--- Information supplied ---
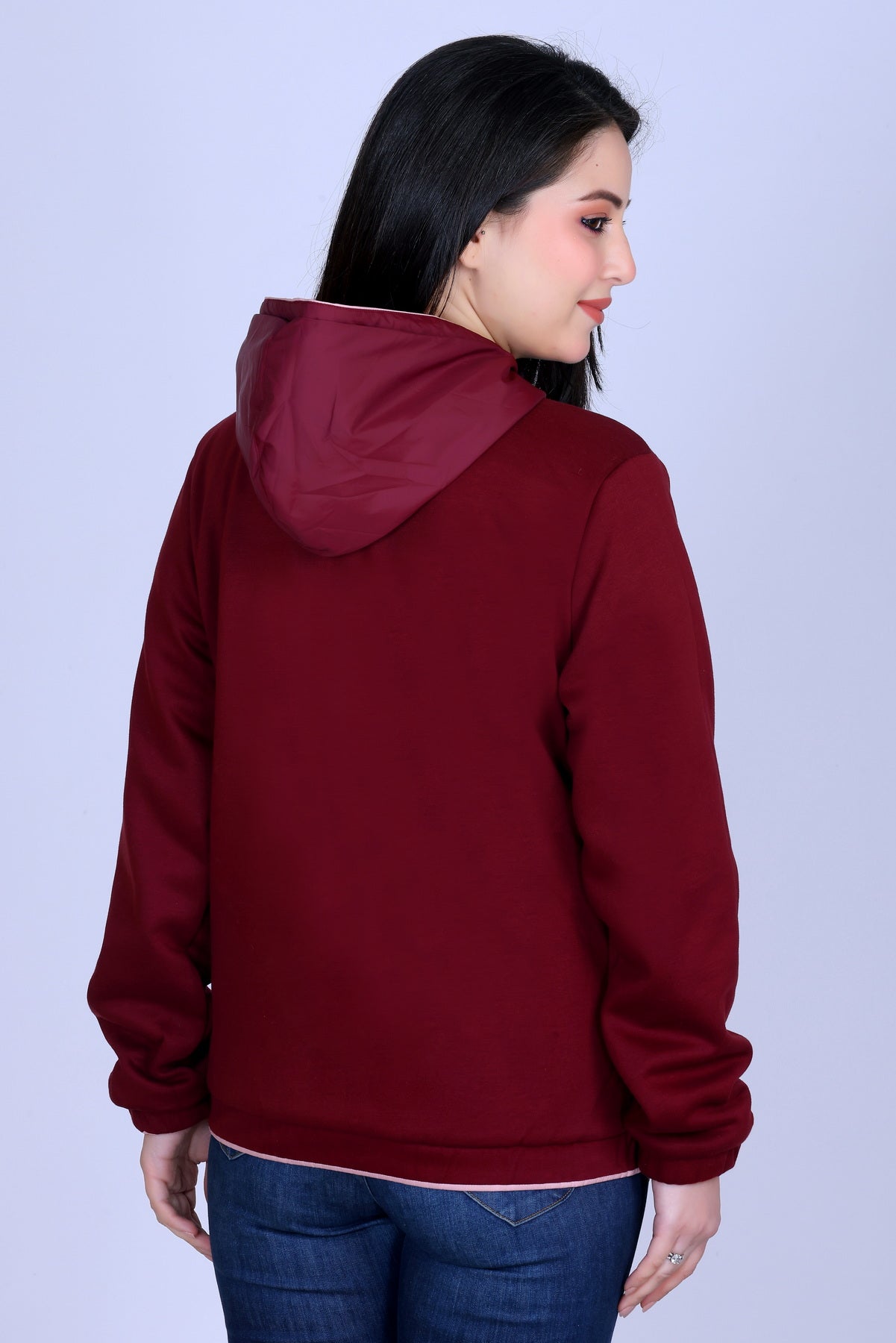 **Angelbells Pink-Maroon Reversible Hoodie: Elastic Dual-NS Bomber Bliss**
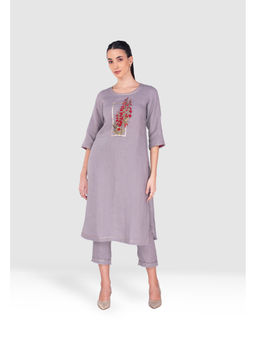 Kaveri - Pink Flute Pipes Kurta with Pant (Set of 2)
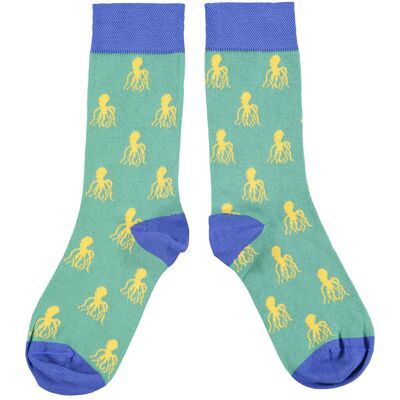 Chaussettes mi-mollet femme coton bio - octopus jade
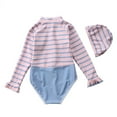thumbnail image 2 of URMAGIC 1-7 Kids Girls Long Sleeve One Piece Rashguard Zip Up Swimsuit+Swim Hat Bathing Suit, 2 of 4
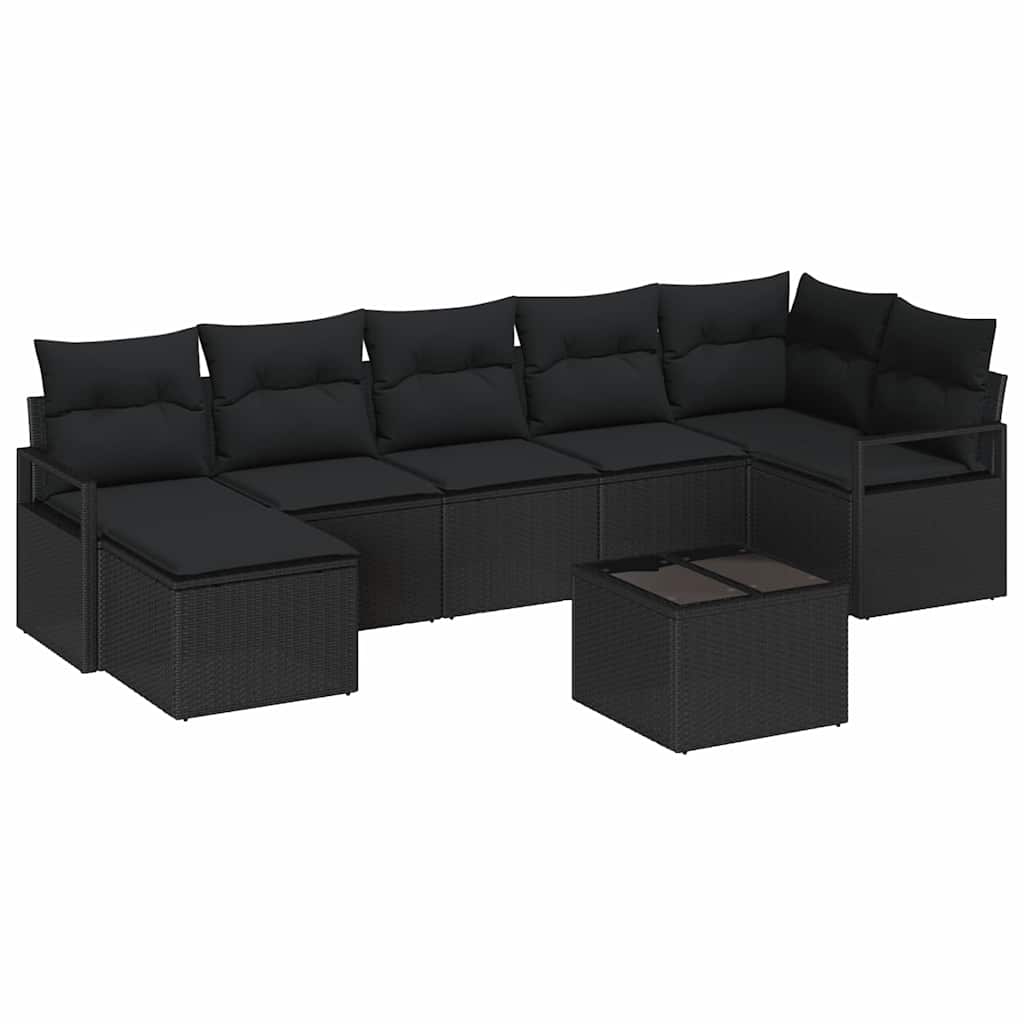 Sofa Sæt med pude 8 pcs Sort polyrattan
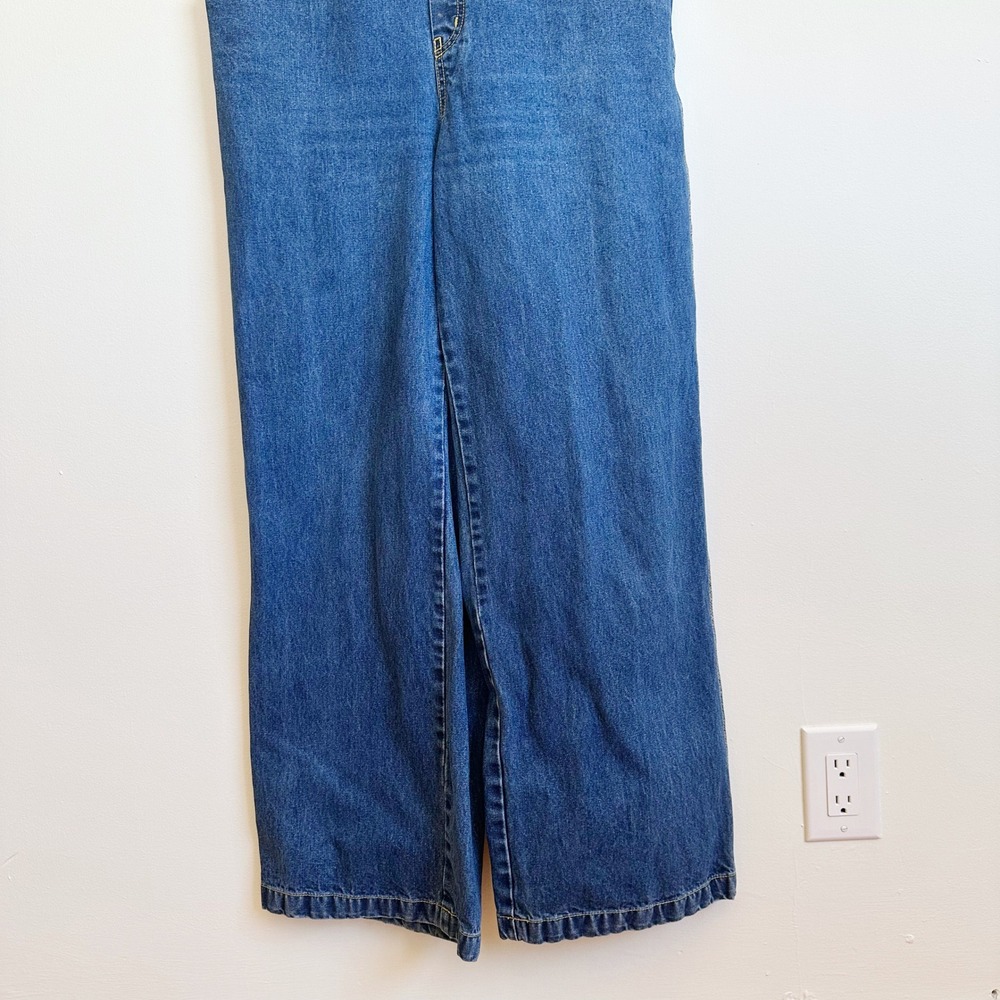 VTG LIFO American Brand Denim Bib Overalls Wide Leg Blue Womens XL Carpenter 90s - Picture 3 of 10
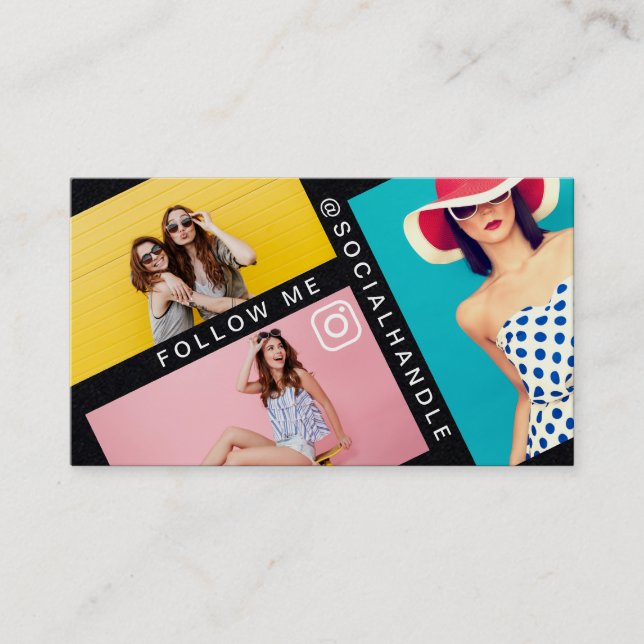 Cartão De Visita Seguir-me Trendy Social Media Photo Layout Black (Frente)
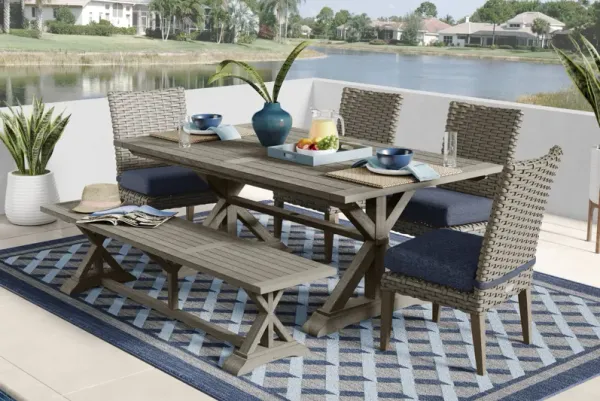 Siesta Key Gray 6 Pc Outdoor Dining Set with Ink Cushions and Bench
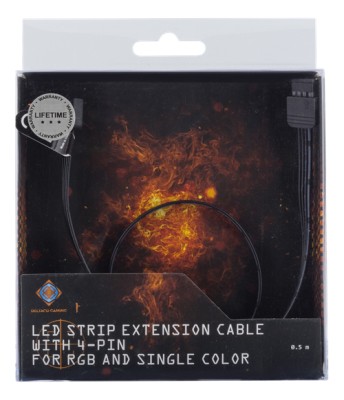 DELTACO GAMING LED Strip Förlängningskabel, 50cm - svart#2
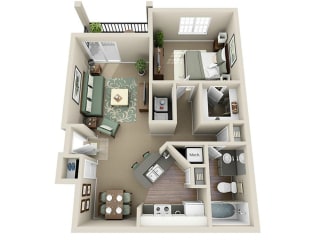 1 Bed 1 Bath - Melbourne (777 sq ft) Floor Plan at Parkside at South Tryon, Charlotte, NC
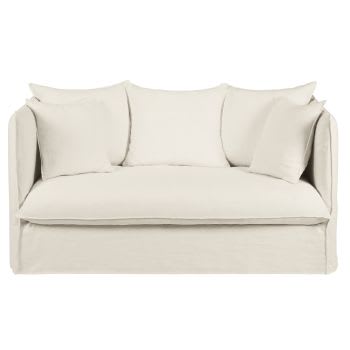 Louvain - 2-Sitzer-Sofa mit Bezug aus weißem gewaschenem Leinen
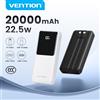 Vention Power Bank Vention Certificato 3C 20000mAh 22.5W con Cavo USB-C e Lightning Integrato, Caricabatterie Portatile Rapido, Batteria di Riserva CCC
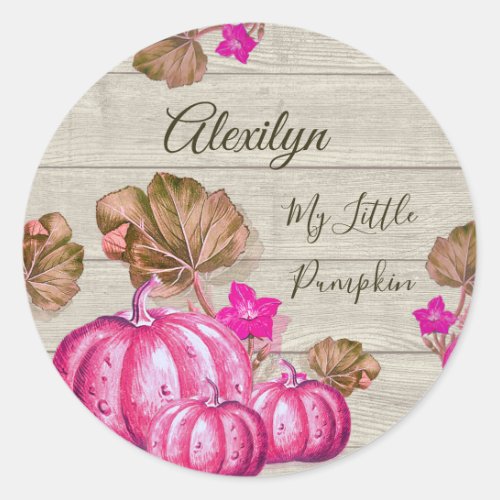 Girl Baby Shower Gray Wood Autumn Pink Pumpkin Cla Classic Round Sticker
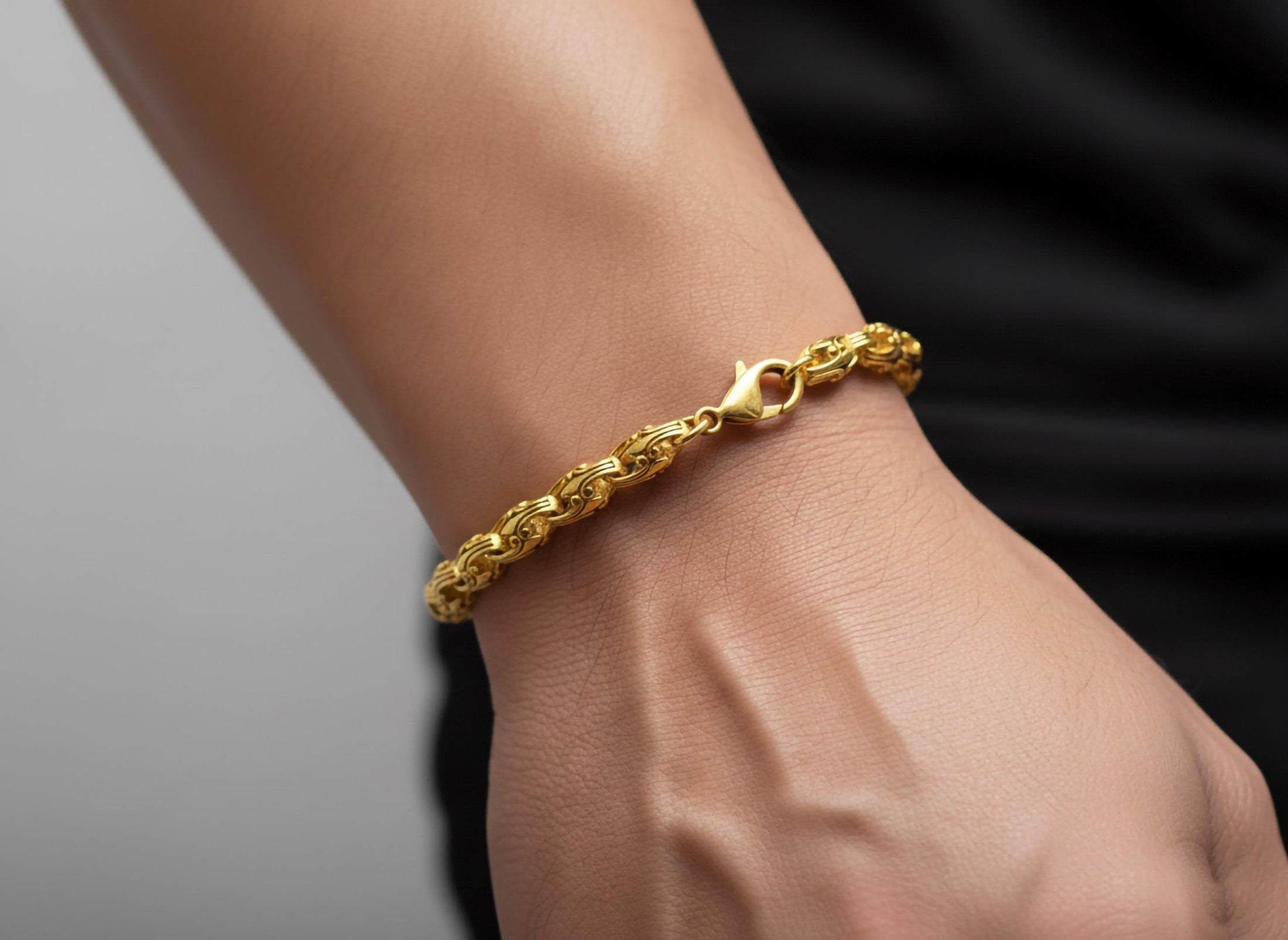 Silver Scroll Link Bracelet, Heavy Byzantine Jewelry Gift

--- Work to be completed ---
Write out the records above exactly. Begin with the first line, end with the line holding "Sofa Sæt med pude 8 pcs Sort polyrattan", and drop the pictures.

--- Reply ---
 **Angelbells Pink-Maroon Reversible Hoodie: Elastic Dual-NS Bomber Bliss**
 Kaveri - Pink Flute Pipes Kurta with Pant (Set of 2)
 Chaussettes mi-mollet femme coton bio - octopus jade
thumbnail image 2 of URMAGIC 1-7 Kids Girls Long Sleeve One Piece Rashguard Zip Up Swimsuit+Swim Hat Bathing Suit, 2 of 4
 Sofa Sæt med pude 8 pcs Sort polyrattan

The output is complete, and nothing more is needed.